### Instructions to follow
If a line below includes the string "isThisMe", copy it.

Start of Excerpted records

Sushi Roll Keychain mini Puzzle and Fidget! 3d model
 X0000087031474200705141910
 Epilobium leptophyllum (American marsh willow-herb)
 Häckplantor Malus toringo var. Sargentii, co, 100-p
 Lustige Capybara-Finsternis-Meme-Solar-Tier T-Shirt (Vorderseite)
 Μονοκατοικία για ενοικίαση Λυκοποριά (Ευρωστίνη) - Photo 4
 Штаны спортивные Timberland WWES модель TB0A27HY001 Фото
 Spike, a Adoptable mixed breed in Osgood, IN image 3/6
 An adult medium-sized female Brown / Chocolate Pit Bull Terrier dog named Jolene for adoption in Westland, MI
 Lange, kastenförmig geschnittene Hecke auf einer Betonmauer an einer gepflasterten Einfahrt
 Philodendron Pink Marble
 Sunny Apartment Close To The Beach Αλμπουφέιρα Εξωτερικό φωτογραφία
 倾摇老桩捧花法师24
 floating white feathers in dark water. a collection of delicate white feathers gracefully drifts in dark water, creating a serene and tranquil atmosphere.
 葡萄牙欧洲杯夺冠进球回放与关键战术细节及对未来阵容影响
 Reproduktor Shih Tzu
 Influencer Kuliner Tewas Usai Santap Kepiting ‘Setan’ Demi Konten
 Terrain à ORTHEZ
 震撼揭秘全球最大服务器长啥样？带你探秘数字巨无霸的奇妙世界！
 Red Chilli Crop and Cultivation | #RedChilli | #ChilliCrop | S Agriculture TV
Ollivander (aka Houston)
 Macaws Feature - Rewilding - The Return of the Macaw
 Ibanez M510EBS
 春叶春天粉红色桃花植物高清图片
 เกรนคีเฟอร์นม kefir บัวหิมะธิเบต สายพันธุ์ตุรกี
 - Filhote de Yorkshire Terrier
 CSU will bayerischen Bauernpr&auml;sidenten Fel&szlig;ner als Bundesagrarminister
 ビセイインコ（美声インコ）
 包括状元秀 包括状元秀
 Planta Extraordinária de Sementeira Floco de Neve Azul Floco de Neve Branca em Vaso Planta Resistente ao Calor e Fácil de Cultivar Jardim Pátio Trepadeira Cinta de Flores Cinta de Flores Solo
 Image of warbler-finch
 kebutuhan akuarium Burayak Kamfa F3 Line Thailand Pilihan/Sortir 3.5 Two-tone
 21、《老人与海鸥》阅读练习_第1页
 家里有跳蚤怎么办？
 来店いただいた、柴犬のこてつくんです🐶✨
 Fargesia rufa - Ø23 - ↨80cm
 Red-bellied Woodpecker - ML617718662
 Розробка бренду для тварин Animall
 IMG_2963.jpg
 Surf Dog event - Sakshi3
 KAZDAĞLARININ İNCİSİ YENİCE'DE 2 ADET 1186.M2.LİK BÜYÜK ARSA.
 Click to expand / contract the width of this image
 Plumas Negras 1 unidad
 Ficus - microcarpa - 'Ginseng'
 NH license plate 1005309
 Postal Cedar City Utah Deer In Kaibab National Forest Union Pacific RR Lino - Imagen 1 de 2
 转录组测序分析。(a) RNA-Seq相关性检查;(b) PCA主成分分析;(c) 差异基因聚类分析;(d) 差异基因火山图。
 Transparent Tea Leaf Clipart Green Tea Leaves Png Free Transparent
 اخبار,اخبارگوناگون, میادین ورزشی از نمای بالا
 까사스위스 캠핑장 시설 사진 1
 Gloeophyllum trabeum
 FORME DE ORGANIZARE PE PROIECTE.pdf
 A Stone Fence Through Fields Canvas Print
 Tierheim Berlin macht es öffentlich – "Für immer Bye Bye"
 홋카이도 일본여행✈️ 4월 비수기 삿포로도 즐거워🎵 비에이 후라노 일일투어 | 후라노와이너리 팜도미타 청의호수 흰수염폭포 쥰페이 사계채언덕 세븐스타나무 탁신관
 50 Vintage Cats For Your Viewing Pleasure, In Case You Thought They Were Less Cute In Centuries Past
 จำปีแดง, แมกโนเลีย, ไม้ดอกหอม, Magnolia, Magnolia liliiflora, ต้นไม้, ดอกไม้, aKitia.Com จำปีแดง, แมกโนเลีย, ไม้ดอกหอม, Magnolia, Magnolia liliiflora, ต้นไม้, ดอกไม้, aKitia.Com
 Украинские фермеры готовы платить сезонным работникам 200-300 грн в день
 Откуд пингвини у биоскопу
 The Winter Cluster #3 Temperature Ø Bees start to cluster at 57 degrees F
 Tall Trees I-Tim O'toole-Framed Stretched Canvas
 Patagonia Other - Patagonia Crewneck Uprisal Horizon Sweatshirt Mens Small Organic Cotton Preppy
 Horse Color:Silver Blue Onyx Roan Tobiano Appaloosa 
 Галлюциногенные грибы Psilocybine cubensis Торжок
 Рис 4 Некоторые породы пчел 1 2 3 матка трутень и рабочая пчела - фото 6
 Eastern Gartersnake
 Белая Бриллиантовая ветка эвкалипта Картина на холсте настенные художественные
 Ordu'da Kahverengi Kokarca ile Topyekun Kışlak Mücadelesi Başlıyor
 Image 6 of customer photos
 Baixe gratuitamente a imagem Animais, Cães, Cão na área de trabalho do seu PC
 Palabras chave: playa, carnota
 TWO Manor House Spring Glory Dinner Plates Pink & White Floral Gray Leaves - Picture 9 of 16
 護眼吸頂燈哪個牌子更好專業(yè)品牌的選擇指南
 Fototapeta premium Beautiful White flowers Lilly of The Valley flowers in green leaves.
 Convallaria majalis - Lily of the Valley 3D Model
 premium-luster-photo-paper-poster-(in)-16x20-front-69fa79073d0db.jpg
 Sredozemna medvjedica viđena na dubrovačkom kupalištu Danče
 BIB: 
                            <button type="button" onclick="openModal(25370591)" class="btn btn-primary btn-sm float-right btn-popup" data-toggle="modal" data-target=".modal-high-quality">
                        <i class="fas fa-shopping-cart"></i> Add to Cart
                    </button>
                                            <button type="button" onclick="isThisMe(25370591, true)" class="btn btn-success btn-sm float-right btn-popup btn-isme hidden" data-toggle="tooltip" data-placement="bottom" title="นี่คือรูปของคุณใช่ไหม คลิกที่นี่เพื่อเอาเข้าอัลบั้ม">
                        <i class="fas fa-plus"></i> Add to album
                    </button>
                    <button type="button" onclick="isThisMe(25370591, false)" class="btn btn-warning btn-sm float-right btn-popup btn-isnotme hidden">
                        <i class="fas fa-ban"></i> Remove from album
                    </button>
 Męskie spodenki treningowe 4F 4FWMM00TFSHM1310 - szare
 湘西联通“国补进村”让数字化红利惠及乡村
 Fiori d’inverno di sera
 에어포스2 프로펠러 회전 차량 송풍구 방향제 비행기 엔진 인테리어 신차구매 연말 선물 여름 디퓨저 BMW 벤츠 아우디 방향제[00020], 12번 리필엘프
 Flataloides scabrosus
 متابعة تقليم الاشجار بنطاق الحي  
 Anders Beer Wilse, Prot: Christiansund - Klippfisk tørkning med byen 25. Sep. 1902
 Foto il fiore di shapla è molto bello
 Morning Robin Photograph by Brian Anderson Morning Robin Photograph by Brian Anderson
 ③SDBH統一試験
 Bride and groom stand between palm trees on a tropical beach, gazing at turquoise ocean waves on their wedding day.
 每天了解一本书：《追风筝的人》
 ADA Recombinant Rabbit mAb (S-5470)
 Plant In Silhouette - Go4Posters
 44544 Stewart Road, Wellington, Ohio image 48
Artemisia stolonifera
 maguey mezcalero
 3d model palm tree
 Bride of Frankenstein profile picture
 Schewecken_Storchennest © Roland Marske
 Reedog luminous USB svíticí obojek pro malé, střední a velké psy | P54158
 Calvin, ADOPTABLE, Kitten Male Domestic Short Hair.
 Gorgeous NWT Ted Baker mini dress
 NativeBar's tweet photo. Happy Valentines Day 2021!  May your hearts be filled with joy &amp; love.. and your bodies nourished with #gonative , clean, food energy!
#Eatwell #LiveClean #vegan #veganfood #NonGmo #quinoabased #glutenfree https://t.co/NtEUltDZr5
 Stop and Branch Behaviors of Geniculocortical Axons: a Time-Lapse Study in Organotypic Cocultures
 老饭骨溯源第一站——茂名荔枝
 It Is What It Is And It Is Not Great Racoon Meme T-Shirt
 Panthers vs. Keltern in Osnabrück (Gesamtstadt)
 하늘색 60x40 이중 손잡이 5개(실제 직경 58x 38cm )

End of Excerpted records

### Result of this exercise
                                            <button type="button" onclick="isThisMe(25370591, true)" class="btn btn-success btn-sm float-right btn-popup btn-isme hidden" data-toggle="tooltip" data-placement="bottom" title="นี่คือรูปของคุณใช่ไหม คลิกที่นี่เพื่อเอาเข้าอัลบั้ม">
                    <button type="button" onclick="isThisMe(25370591, false)" class="btn btn-warning btn-sm float-right btn-popup btn-isnotme hidden">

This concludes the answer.